Dataset records:
BEGIN

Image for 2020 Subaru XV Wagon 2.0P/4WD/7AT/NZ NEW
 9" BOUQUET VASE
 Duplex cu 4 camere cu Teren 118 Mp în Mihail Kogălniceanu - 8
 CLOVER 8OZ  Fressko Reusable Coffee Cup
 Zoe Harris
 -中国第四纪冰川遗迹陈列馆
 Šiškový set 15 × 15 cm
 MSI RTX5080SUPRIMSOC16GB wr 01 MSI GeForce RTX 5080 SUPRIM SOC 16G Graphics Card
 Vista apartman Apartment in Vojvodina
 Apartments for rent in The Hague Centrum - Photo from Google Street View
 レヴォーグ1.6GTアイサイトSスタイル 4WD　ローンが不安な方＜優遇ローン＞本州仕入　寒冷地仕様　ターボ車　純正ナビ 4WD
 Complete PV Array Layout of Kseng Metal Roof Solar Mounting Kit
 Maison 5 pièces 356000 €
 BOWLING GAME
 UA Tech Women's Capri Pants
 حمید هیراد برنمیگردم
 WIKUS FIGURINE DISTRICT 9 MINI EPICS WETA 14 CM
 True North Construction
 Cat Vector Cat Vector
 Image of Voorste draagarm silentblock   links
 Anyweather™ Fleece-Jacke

END

What you return should be the records above, repeated exactly.

**TASK RESPONSE:**
Image for 2020 Subaru XV Wagon 2.0P/4WD/7AT/NZ NEW
 9" BOUQUET VASE
 Duplex cu 4 camere cu Teren 118 Mp în Mihail Kogălniceanu - 8
 CLOVER 8OZ  Fressko Reusable Coffee Cup
 Zoe Harris
 -中国第四纪冰川遗迹陈列馆
 Šiškový set 15 × 15 cm
 MSI RTX5080SUPRIMSOC16GB wr 01 MSI GeForce RTX 5080 SUPRIM SOC 16G Graphics Card
 Vista apartman Apartment in Vojvodina
 Apartments for rent in The Hague Centrum - Photo from Google Street View
 レヴォーグ1.6GTアイサイトSスタイル 4WD　ローンが不安な方＜優遇ローン＞本州仕入　寒冷地仕様　ターボ車　純正ナビ 4WD
 Complete PV Array Layout of Kseng Metal Roof Solar Mounting Kit
 Maison 5 pièces 356000 €
 BOWLING GAME
 UA Tech Women's Capri Pants
 حمید هیراد برنمیگردم
 WIKUS FIGURINE DISTRICT 9 MINI EPICS WETA 14 CM
 True North Construction
 Cat Vector Cat Vector
 Image of Voorste draagarm silentblock   links
 Anyweather™ Fleece-Jacke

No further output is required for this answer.